Unlike the rest of magazine publishing, the comic book medium also was a continuous media vehicle: numbering was consecutive and rarely split into “volumes” of, say, twelve monthly numbers per year. Nobody cares what consecutive issue numbers were applied to Time Magazine in August 1975, but if you ask the issue number for the X-Men cover-dated that same month there are enough comic book enthusiasts who know the answer to that – #94, for those who came in late – to fill Yankee Stadium. At least the #94 that was in use in August, 1975. Around that time, the late, legendary comics retailer Joe Sarno pointed out in an interview if you put consecutive numbering on something, some people are going to collect it.

I think those sing-along days may be lost to us forever… and I guess I’m okay with that.

Highball #4, interior page

Today, U.S. television has imitated the British style: occasional seasons, each of indeterminate length, followed (sometimes) by subsequent seasons that could pop up months or even years later.
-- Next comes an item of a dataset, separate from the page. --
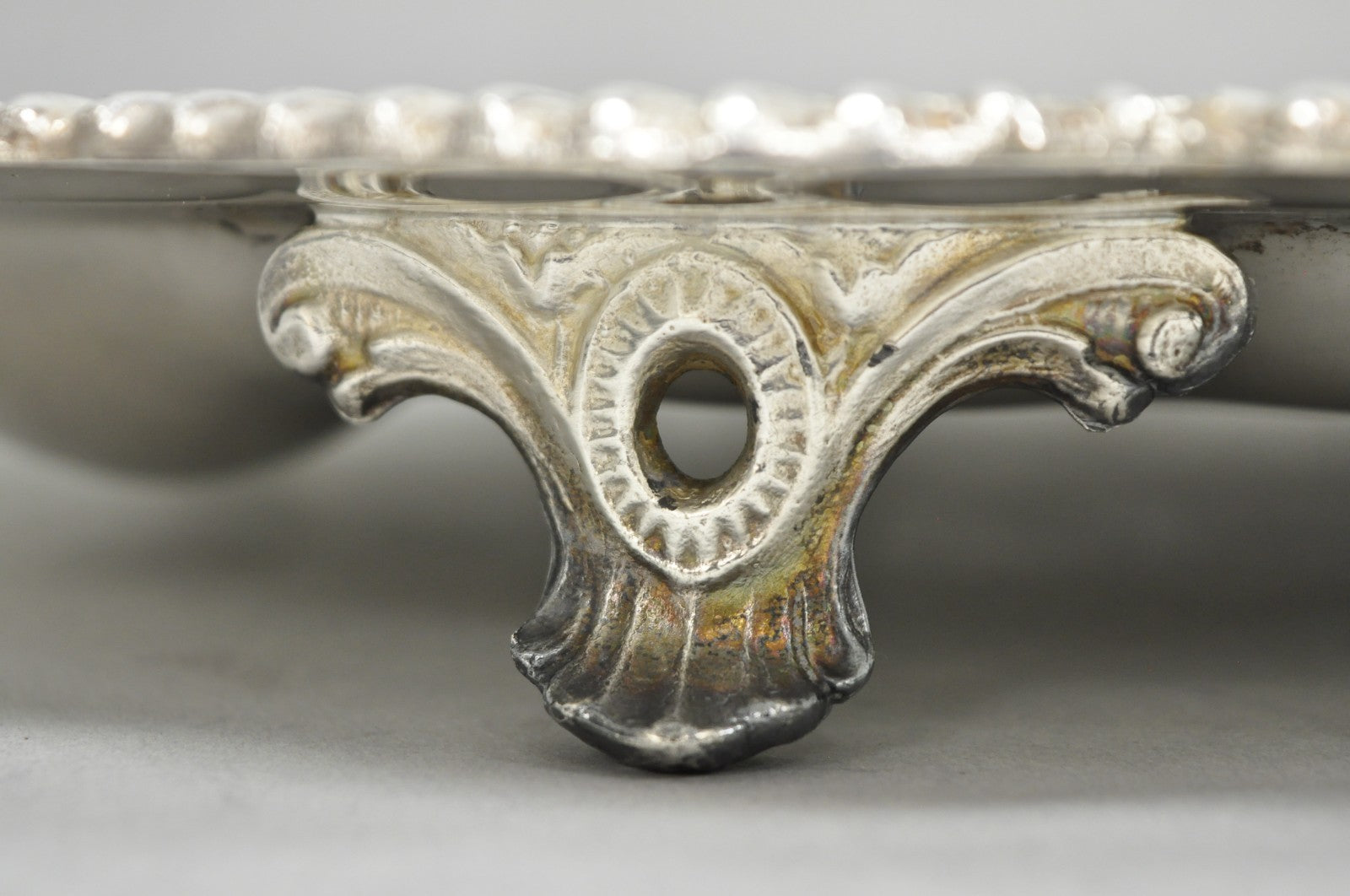 Vintage English Regency Silver Plated Meat Cutlery Serving Platter Tray by LB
This has led to our receiving some of the benefits of the British television system – much better writing, greater casting opportunities, and a more diverse range of styles, topics and talent. We pay a unique price for this: we have no idea if a second season will actually happen and even shows that have been green-lighted for a pick-up have been cancelled. Agents now mutter the phrase “pay or play” in their sleep.

Which brings me to Ahoy Comics. They’ve built this streaming numbering thing into their system from the get-go.

I admire Ahoy, and to be frank I’m a bit jealous. They publish really great stuff employing original stories, concepts and characters with an edge that is both sharp and clever. They are well made, and (by the way) feature a terrific group of witty top-notch writers. Just after I finally abandoned the childish concept of publisher loyalty, these guys figured out how to make it work for the present day markets.

Each title (give or take; I don’t want to ham-string them) tells their stories in arcs, just like damn near everybody else, but each arc is numbered and titled separately. Billionaire Island, to name but one of their titles, ran six issues and later was followed by Billionaire Island: Cult Of Dogs, another six-parter. Second Coming, a series that relieved DC Comics of a bit of their anal retention, has endured its second coming; both are six parters as well. About an hour and a half after the final issue of each series, Ahoy puts them out in bookstore friendly trade paperback – again, just like the other publishers.

Legendary retailer and fan Joe Sarno

Of course, it helps if you don’t have the baggage of three-quarters of a century of character development… and perpetual character redevelopment. The “everything you know is wrong” event programming that has been an acid eating away at the long-established publishers need not affect the young’uns.

Ergo, in my peculiarly wired brainpan, Ahoy Comics is publishing comics according to the streaming television model. I’ve been taught to be impatient since childhood, and I still expect continuous monthly publication as a knee-jerk response to our rapidly deteriorating world, but eventually we have to accept the realities (well, some of them) of our time. Quality, subjective as it is, wins hands down.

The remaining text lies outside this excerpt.